| DATASET CONTENT |
= Beginning of Section =
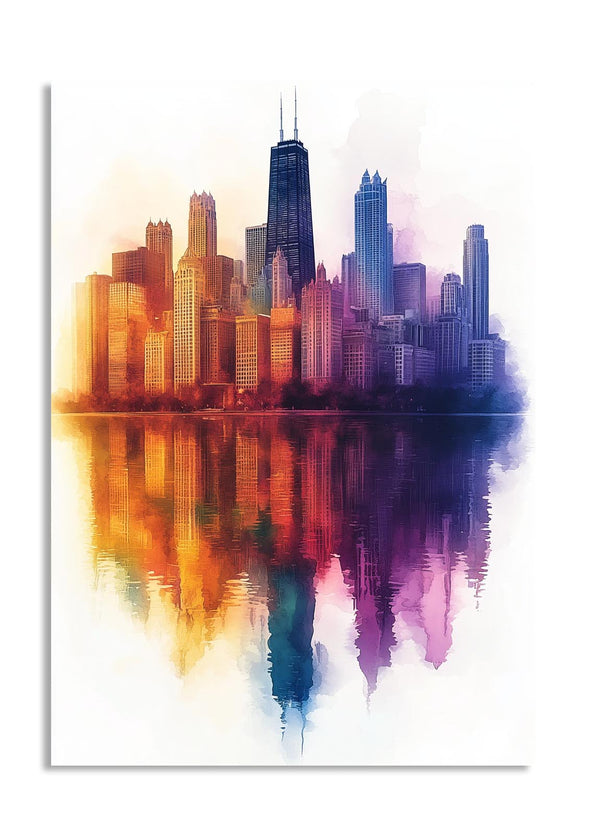Colorful city skyline reflection on water with a white border, as a premium aluminum metal print from GoMetalPrint.
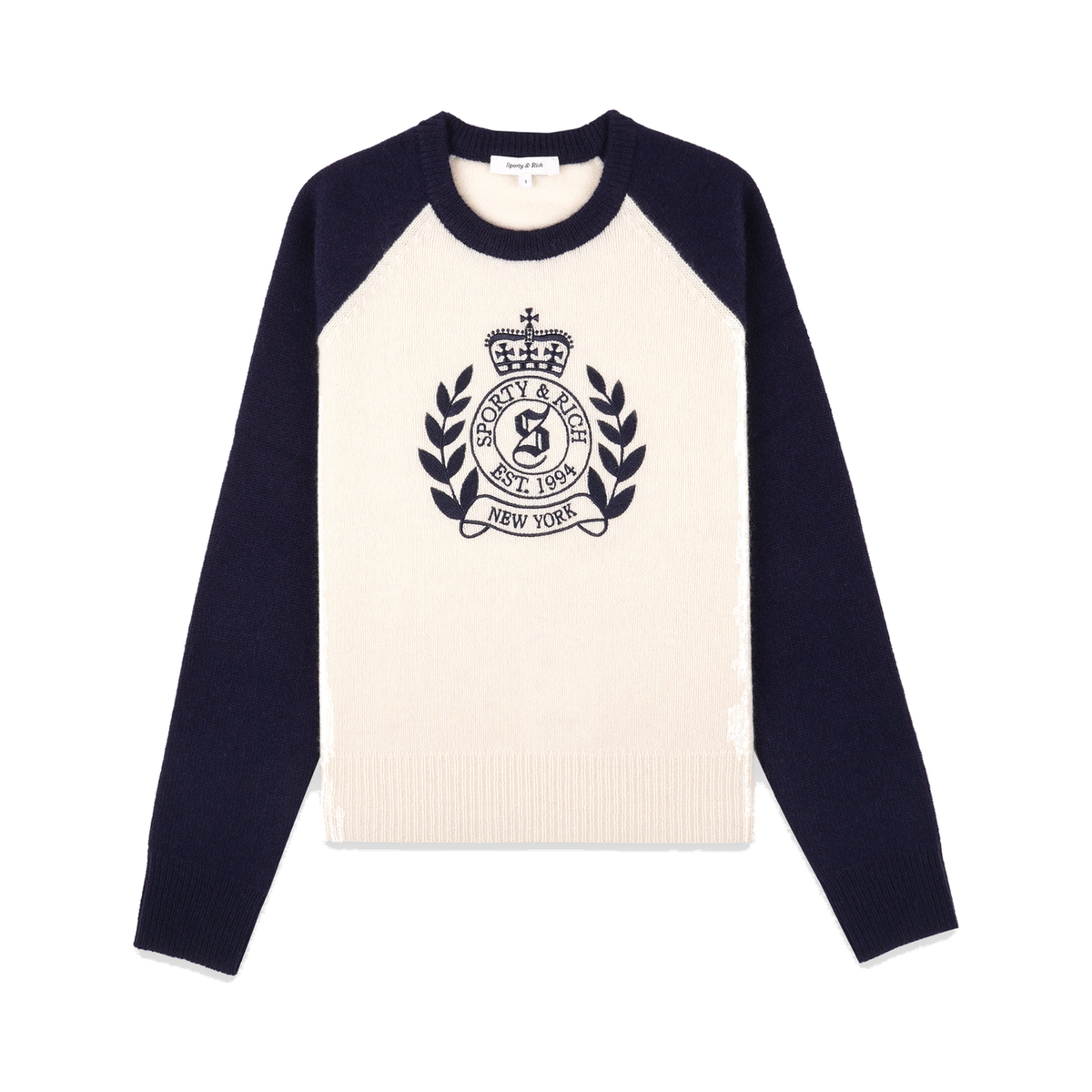 NY Crest Cashmere Baseball Sweater - Ecru/Navy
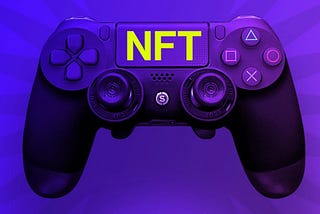 A console gaming controller is featured in the centre, with the word NFT on it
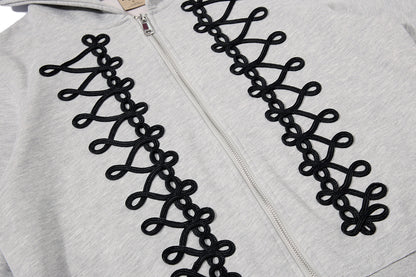 Napoleon Cord Embroidery Boxy Zip Up Hoodie detail image 7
= End of Section =
| WHAT YOU WILL DO |
Repeat the data exactly. Pictures should not appear.

| EXPECTED ANSWER |
Colorful city skyline reflection on water with a white border, as a premium aluminum metal print from GoMetalPrint.
 NY Crest Cashmere Baseball Sweater - Ecru/Navy
 A console gaming controller is featured in the centre, with the word NFT on it
 Napoleon Cord Embroidery Boxy Zip Up Hoodie detail image 7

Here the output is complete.